Work item: Exact repetition of a range: find the line containing "Flare Fit Embroidered Kurta" and the line containing "30 Tatlı ve" in the material below, then repeat both and all lines between them, leaving pictures out.

Provided data:
== Segment start ==

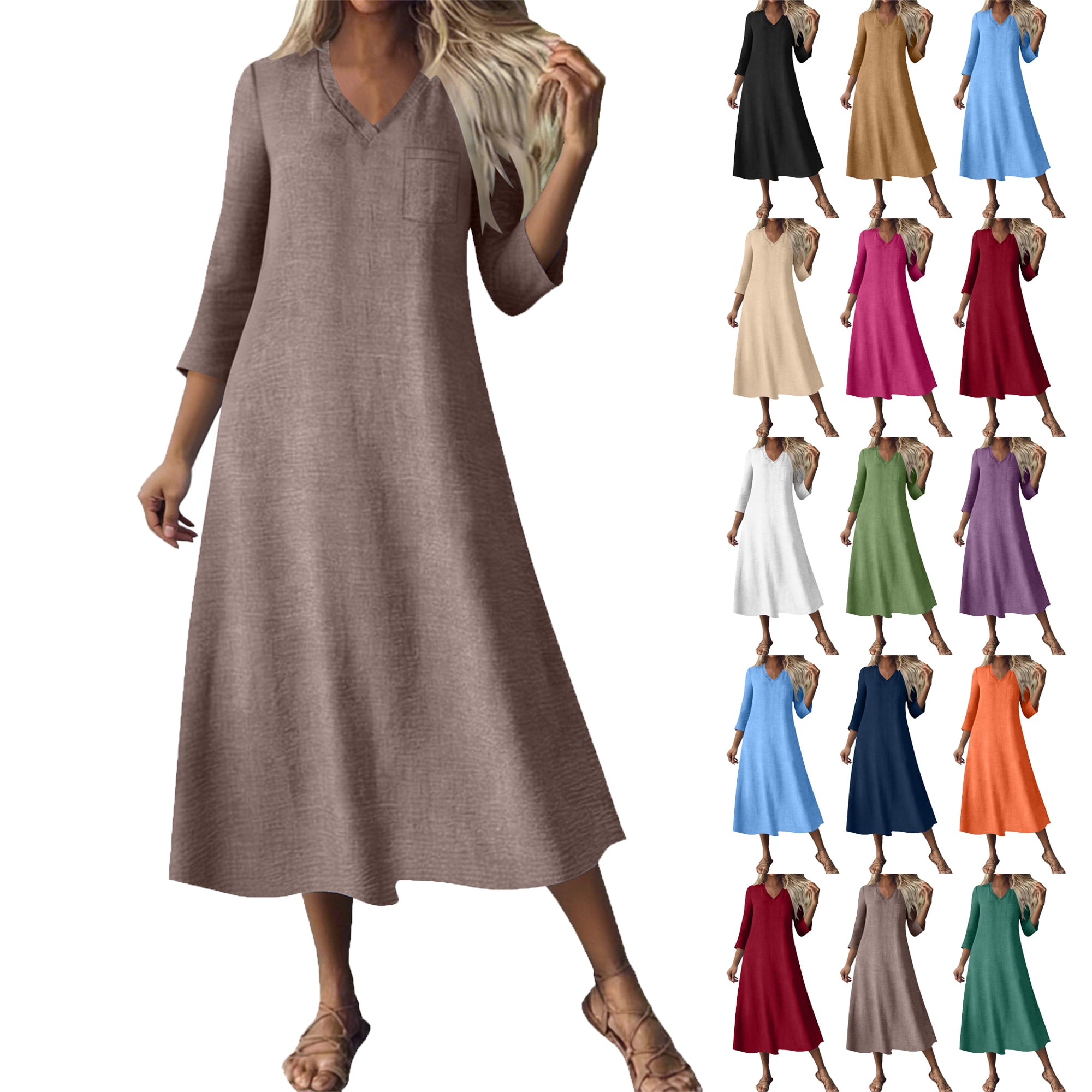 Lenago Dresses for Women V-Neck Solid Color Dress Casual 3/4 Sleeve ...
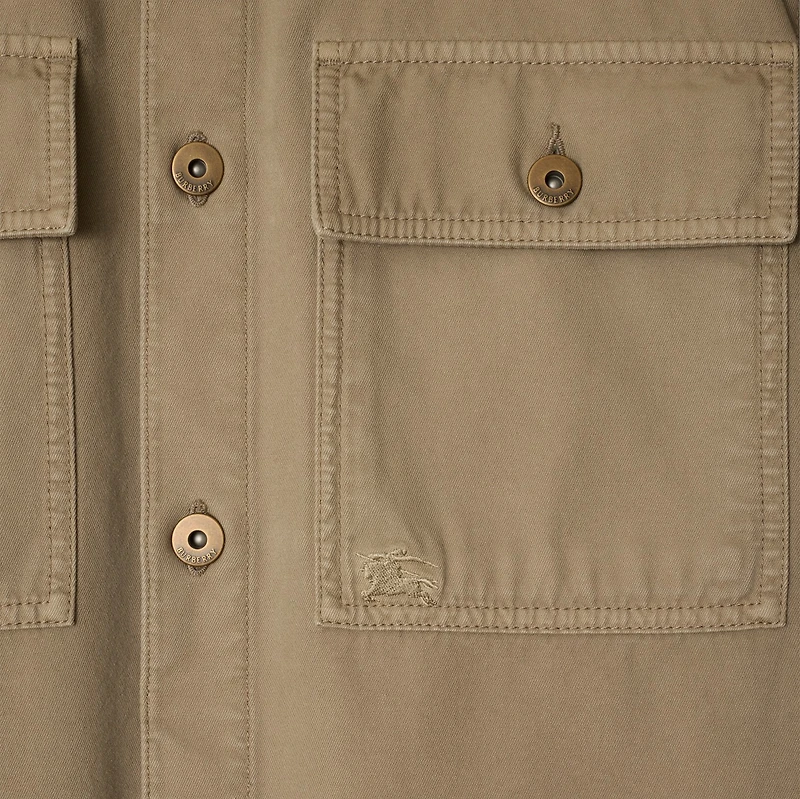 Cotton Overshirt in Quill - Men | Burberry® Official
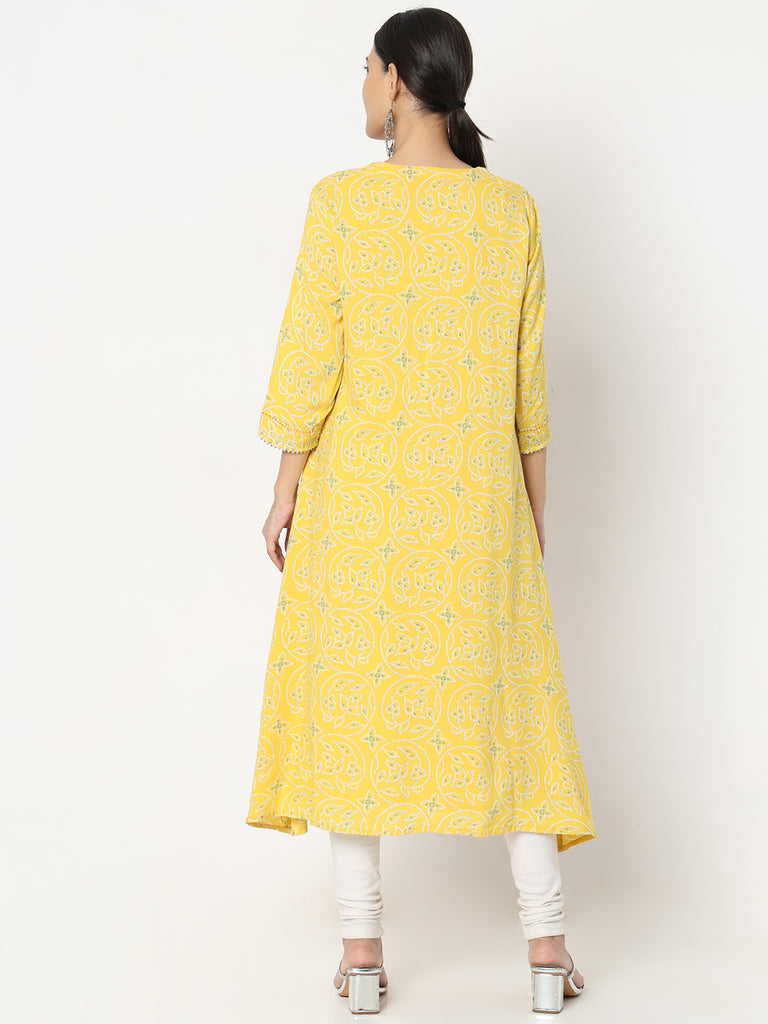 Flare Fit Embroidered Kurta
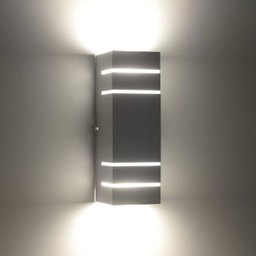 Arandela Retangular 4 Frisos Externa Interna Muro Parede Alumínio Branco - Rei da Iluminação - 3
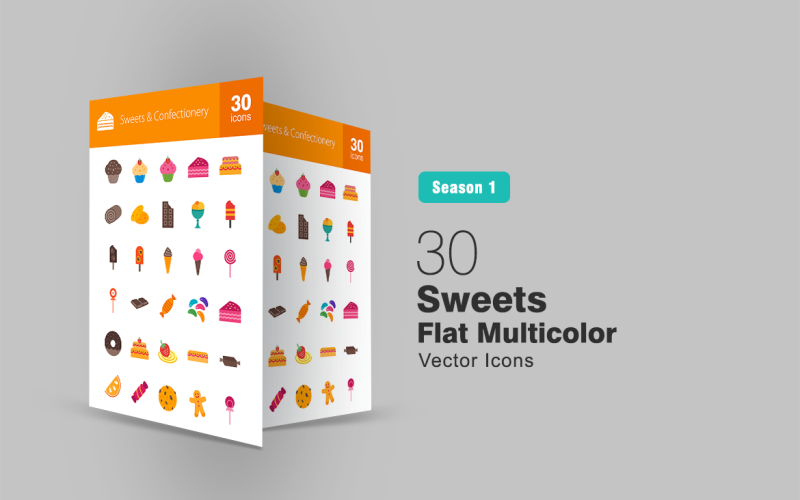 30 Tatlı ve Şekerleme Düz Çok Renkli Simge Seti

== Segment end ==
== Segment start ==

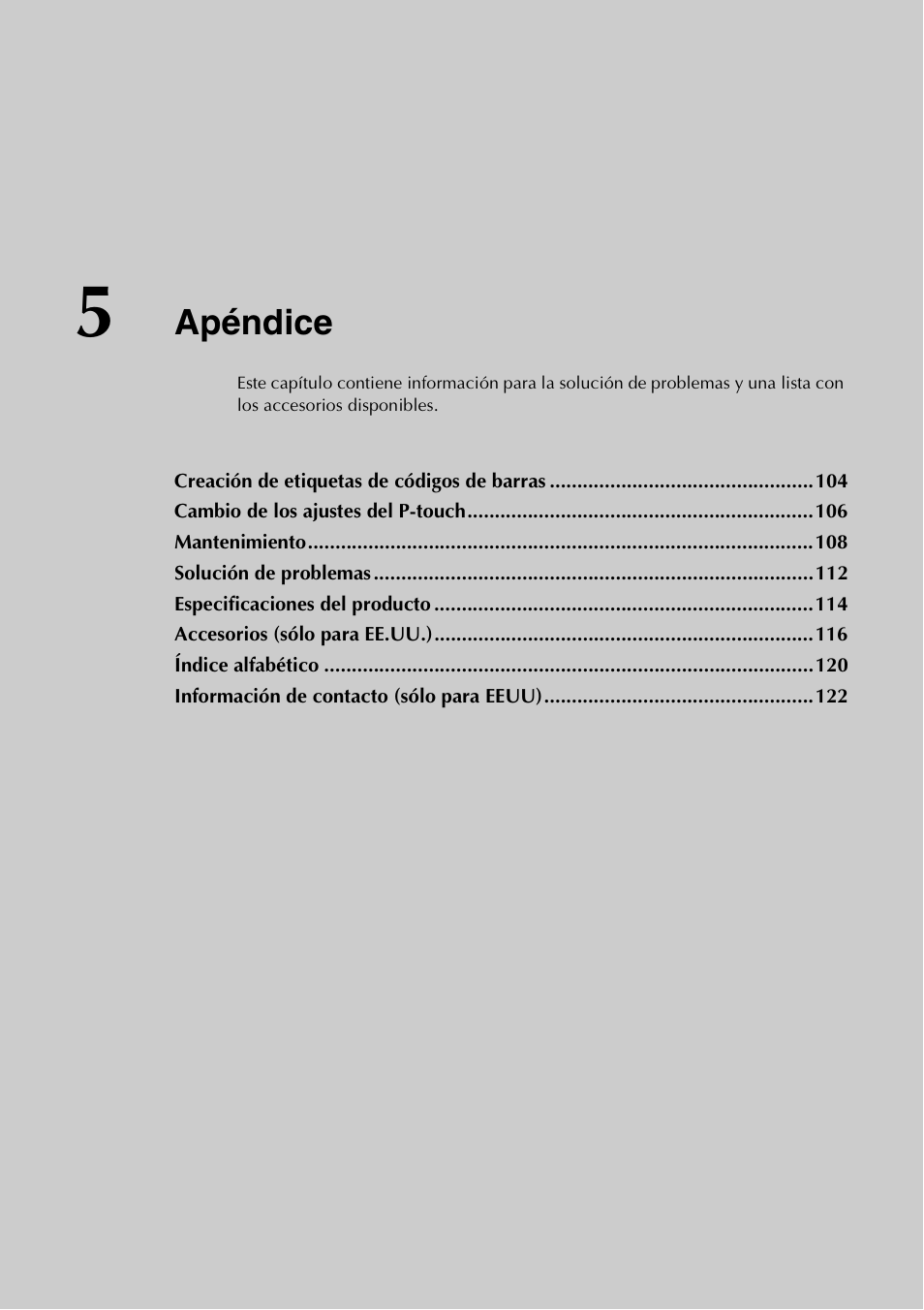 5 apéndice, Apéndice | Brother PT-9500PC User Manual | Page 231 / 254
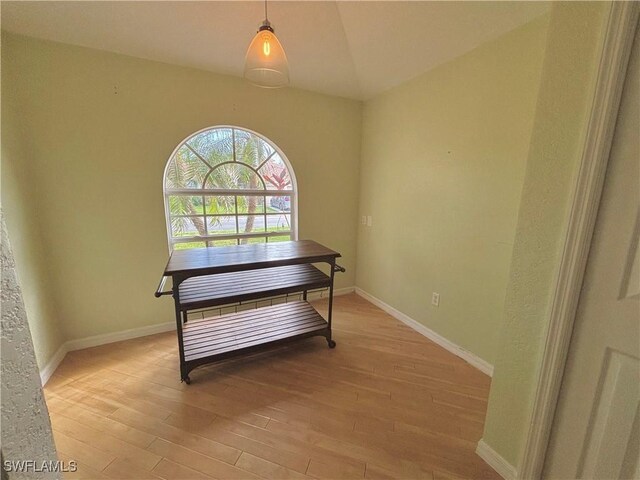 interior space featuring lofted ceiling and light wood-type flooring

== Segment end ==
== Segment start ==

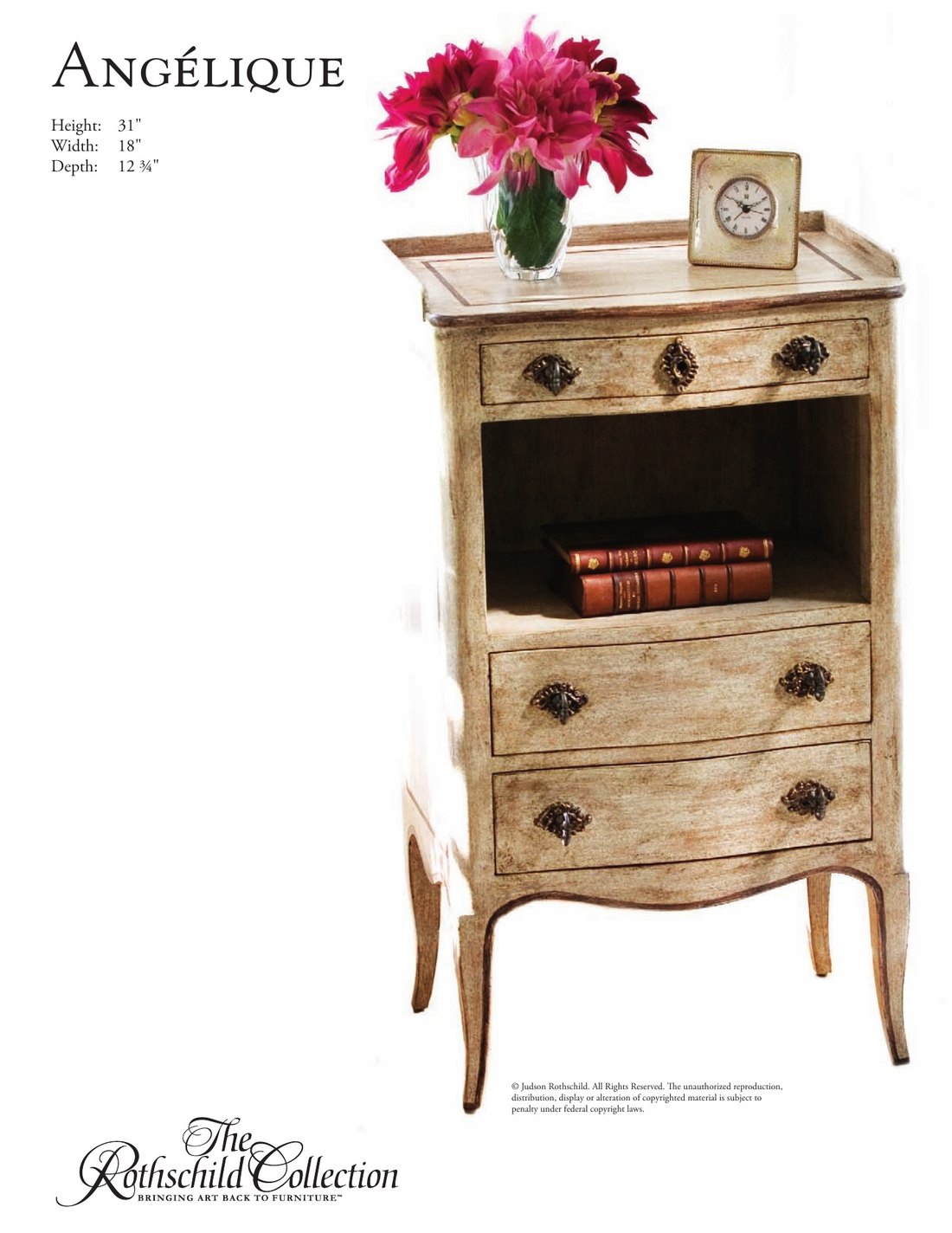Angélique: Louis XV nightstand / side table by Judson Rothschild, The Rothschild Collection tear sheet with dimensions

== Segment end ==

Reply to the exercise:
 Flare Fit Embroidered Kurta
 Arandela Retangular 4 Frisos Externa Interna Muro Parede Alumínio Branco - Rei da Iluminação - 3
 30 Tatlı ve Şekerleme Düz Çok Renkli Simge Seti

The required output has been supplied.